Two drops of 1% hydroxyamphetamine solution are instilled into both eyes. The affected eye (third-order lesion) will not dilate as well as the normal eye. While in the case of intact postganglionic fibers (first and second-order lesions), the affected pupil dilates to an equal or greater extent.
Disadvantages involving this test include it not being able to be performed on the same day as the cocaine test and false-negative results. [18]
Topical apraclonidine test
This test is considered the test of choice due to good sensitivity and overall practicality. Apraclonidine acts as a weak alpha1-agonist and strong alpha2-agonist. It is categorized as an ocular hypotensive agent. The upregulation of alpha1-receptors in Horner syndrome translates into an exaggerated response of the iris dilators (denervation supersensitivity) to an agonist agent like apraclonidine.

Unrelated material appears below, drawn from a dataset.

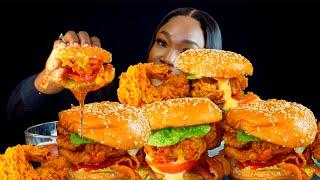 CRISPY FRIED SEAFOOD BURGER MUKBANG | MUKBANG | FRIED SEAFOOD MUKBANG | Mukbang | Asmr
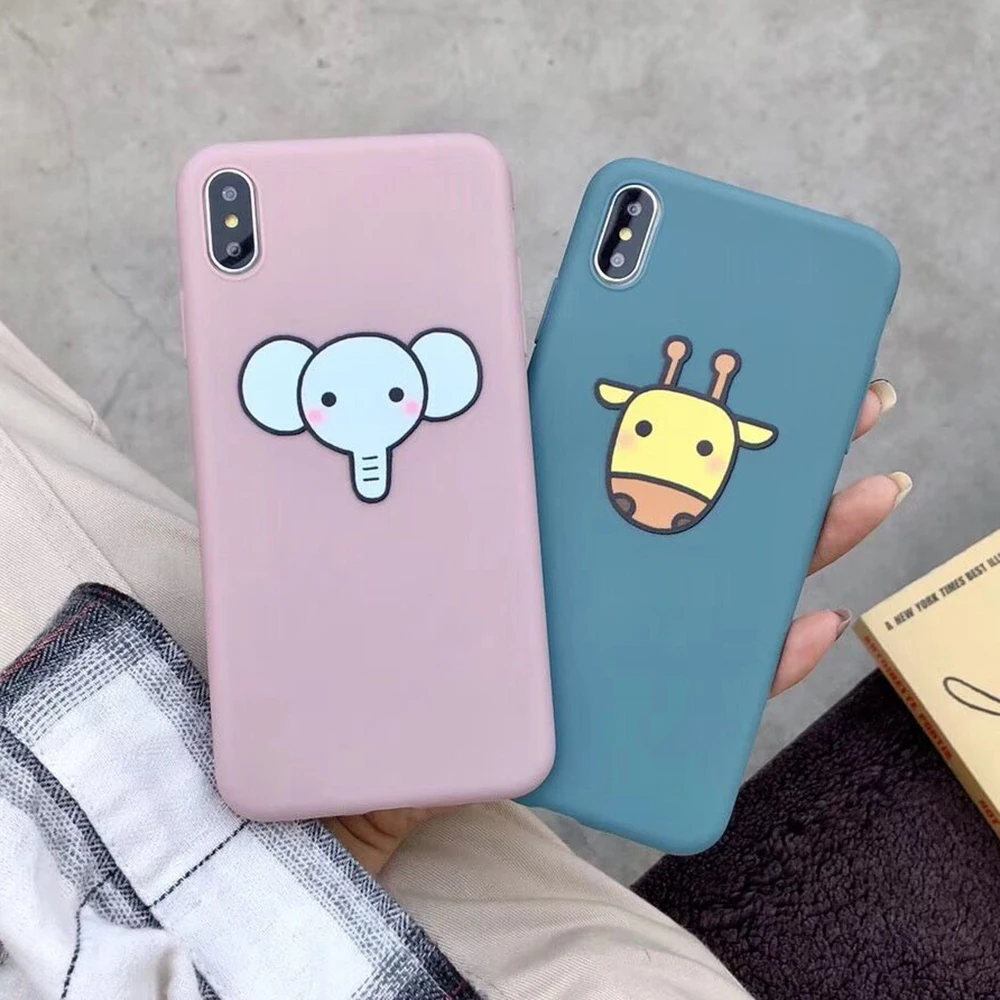 LOVECOM Cute Cartoon Case For iPhone XS Max XR XS 6 6S 7 8 Plus Full Body Giraffe Elephant Soft TPU Phone Back Cover Cases Gift LOVECOM Cute Cartoon Case For iPhone XS Max XR XS 6 6S 7 8 Plus Full Body Giraffe Elephant Soft TPU Phone Back Cover Cases Gift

A 0.5-1% solution is instilled in both eyes. The affected eye will show mydriasis, while the normal eye is predominantly insensitive. Consequent instillation of the solution results in evident reversal of anisocoria (the affected pupil dilates and the normal pupil constricts). This is because of the stronger alpha 2 agonist activity of compared to the weaker alpha 1 agonist activity of apraclonidine.
Some disadvantages of this form of testing include false-negative results in acute cases, systemic side effects in the pediatric population, inability to localize lesion, and relatively long half-life of the drug.
Other agents have been proposed but fall short of clinical relevance due to several reasons.
Treatment options are based on the diagnosis and management of the underlying cause. Timely diagnosis is of critical importance followed by referral to an appropriate specialist. Healthcare professionals are advised to incorporate the importance of eye examinations into their acumen.
As previously described, pain accompanied with Horner syndrome points towards a more insidious underlying cause and should be evaluated thoroughly. Systemic symptoms such as weight loss and progressive fatigue can indicate an underlying malignancy. Furthermore, Horner syndrome can be an early manifestation of neuroblastoma in the pediatric population.
Carotid artery dissection can present with a unilateral headache and facial or neck pain. If suspected, urgent appropriate workup and treatment are warranted.
Raeder paratrigeminal syndrome also can present with headaches but is accompanied by trigeminal nerve (CN V) impairment.
Anisocoria and/or ptosis can be due to myriad diseases and conditions such as Holmes-Adie syndrome, neurosyphilis (Argyll Robertson pupil), third nerve palsy, or optic neuritis.